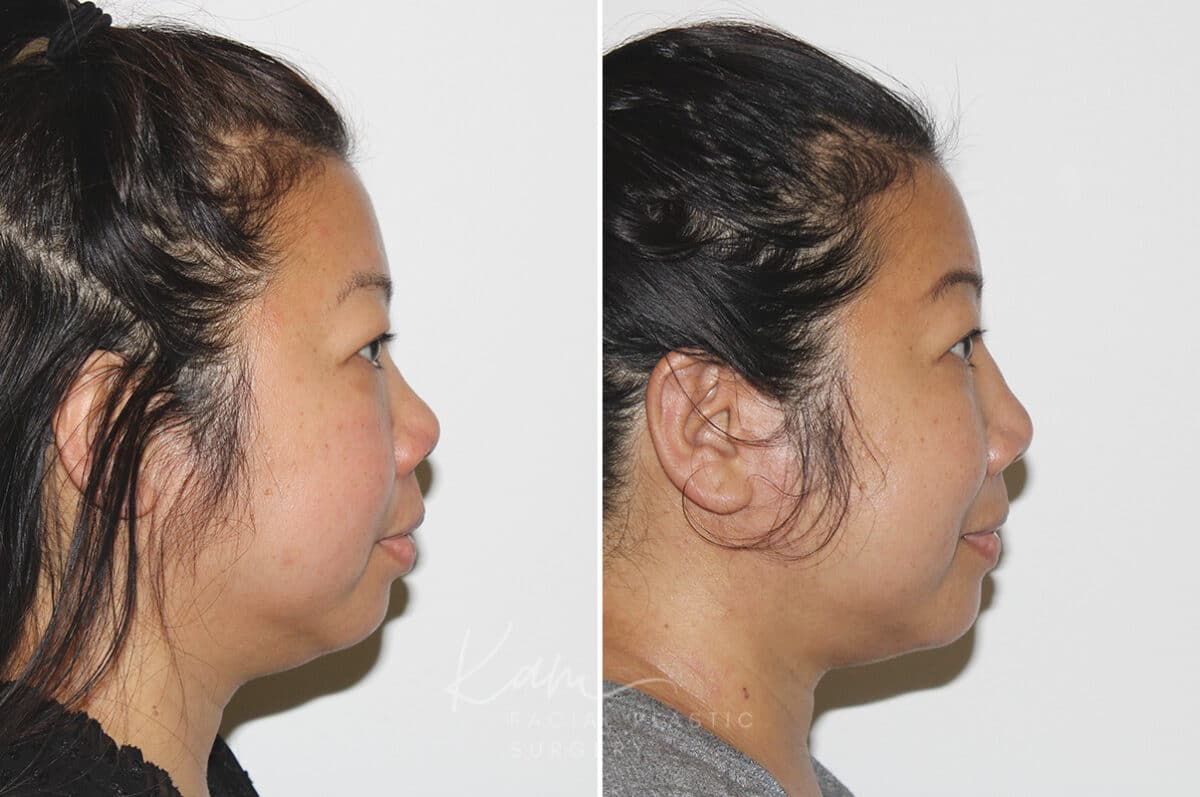 Submental Liposuction before and after photos in Voorhees, NJ, Patient 671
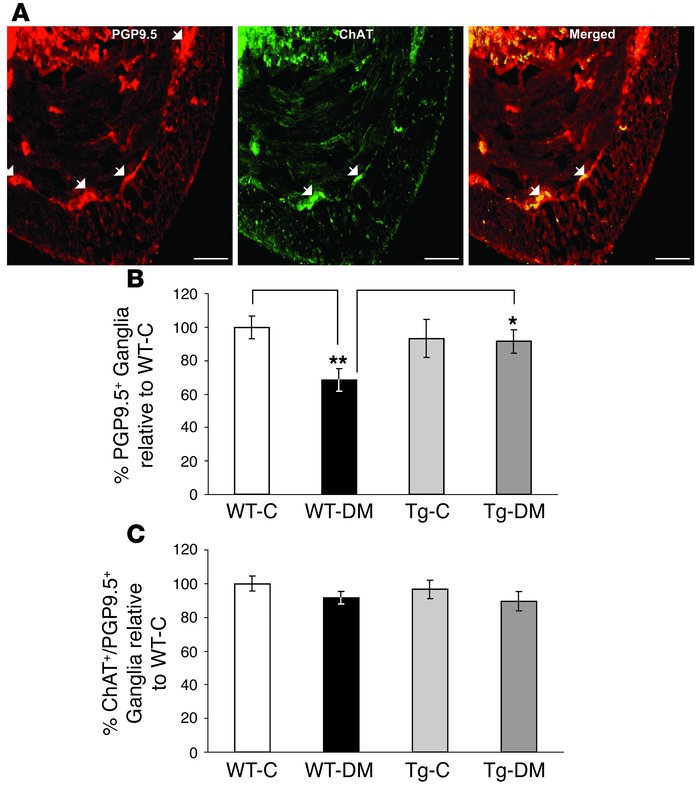 Assessment of PGP9.5 and ChAT-stained neurons in WT and Tg mice. (A) Rep...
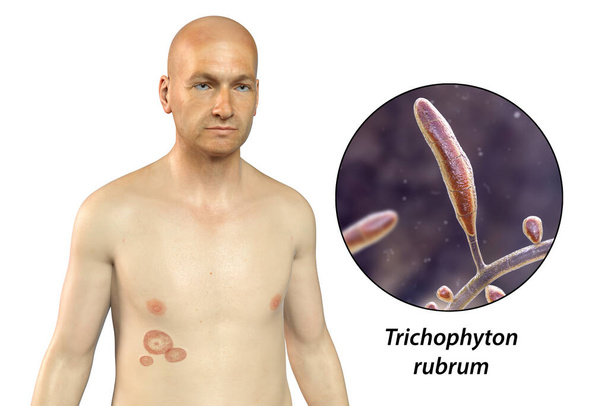 Infección fúngica en el cuerpo de un hombre. Tinea corporis y vista de cerca de hongos dermatofitos Trichophyton rubrum, ilustración 3D - Foto, Imagen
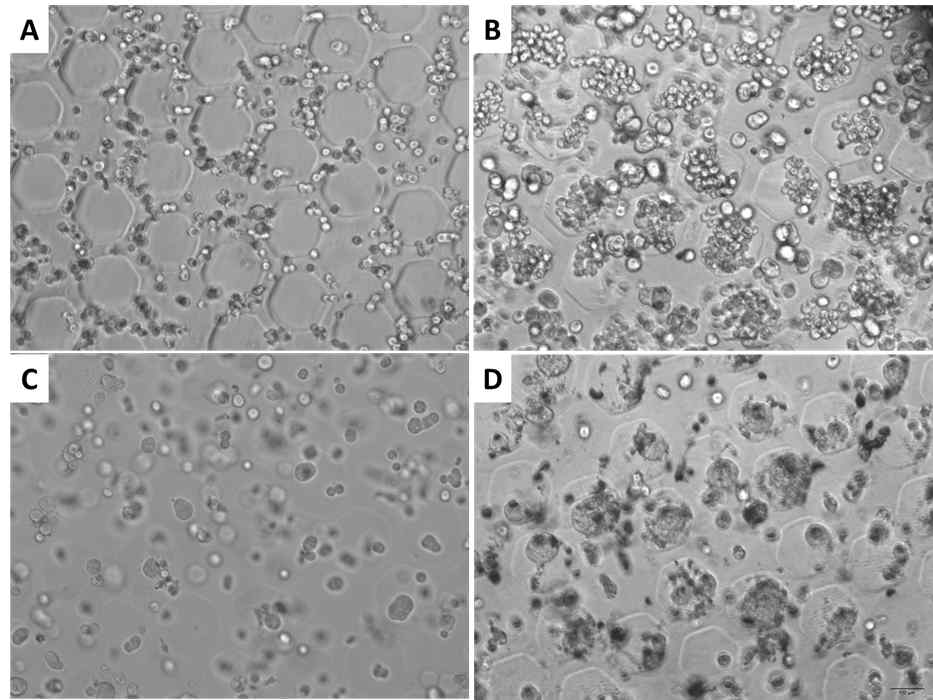 다양한 유방암 세포주가 내재된 알지네이트 세포배양체. (A) 세포배양체에 로딩한 직후의 SKBR3 세포주의 모습. (B) 세포배양체에서 4일 동안 배양한 SKBR3 세포주의 모습. (C) 세포배양체에 로딩한 직후의 HCC70 세포주의 모습. (D) 세포배양체에서 6일 동안 배양한 HCC70 세포주의 모습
= = = = =
Retype, exactly as written, each line from the one containing "Assessment of PGP9.5" through the end of the data above, and leave out every picture.

**ANSWER FOR THE TASK:**
 Assessment of PGP9.5 and ChAT-stained neurons in WT and Tg mice. (A) Rep...
 Infección fúngica en el cuerpo de un hombre. Tinea corporis y vista de cerca de hongos dermatofitos Trichophyton rubrum, ilustración 3D - Foto, Imagen
 다양한 유방암 세포주가 내재된 알지네이트 세포배양체. (A) 세포배양체에 로딩한 직후의 SKBR3 세포주의 모습. (B) 세포배양체에서 4일 동안 배양한 SKBR3 세포주의 모습. (C) 세포배양체에 로딩한 직후의 HCC70 세포주의 모습. (D) 세포배양체에서 6일 동안 배양한 HCC70 세포주의 모습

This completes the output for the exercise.